Так же естественно, но это произошло совсем не сразу, мы оказались однажды у нее дома, где я раздел ее, осмотрел, немного как на приеме в медучреждении, где она работала, и, не дав ей сходить в душ, очень долго стяжал ее упругое тело с развитым тазом и крохотной девичьей грудью…
* * *
Ничего более святого, чем книги, литература, не было для Ванессы на всем белом свете. Оставалось удивляться, почему она пошла учиться на медика.
Она не понимала, уже немного разобравшись во мне, почему мне так трудно печататься – как на родине, так и здесь, на Западе. Ведь помимо того что я был врожденным, самоотверженным графоманом, что наделяло меня, вопреки расхожему мнению, всеми шансами выбиться в знаменитости, потому что это отсекает пути к отступлению, – так она считала, – помимо того, что я был еще и на редкость продуктивен, ведь я писал вроде бы солидные, увесистые вещи, к тому же совершенно ни на что не похожие, которые производили впечатление абсолютно на всех, причем на людей самых разных, а это казалось Ванессе важнейшим плюсом, – своей прозой, уверяла она, я попросту «реабилитирую» всю русскую литературу постсоветского времени. По крайней мере, в глазах тех последних долготерпимцев, кто еще пытался в современных русских книгах найти хоть что-то, кроме провинциального нытья и какого-то ножного запаха, каким несет иногда от пребывающих на носилках в отделение скорой помощи.
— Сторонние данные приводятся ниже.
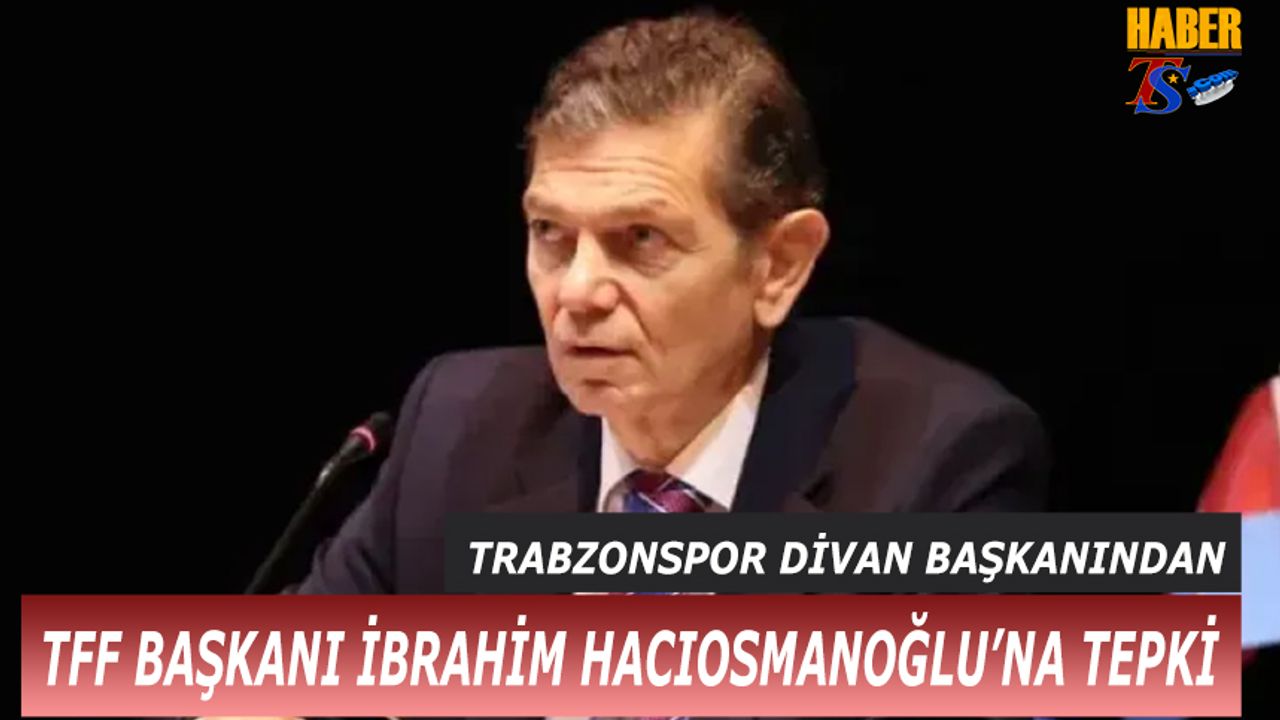 Trabzonspor Divan Kurulu Başkanı Mahmut Ören’den TFF’ye Sert Tepki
В своих оценках Ванесса бывала беспощадна.
Всё остальное жалкое экспериментаторство современных русских писателей отдавало временами наезда русских танков на авангардистскую Чехословакию, со всей бредовой болтовней про расплывчатый постмодернизм, который в Европе, где он появился полвека тому назад, давным-давно канул в лету. И не по этой ли причине в подходе русских к литературе чувствовалась противоестественная мешанина, что-то не просто позаимствованное или навязанное со стороны, а чуть ли не кровосмесительное. Так вот чехи смешались со словаками. Сербы с хорватами. Все одно – славяне. С кого тут спрашивать?.. Так вот Ванесса и рассуждала. Иногда я внимал ей с открытым ртом.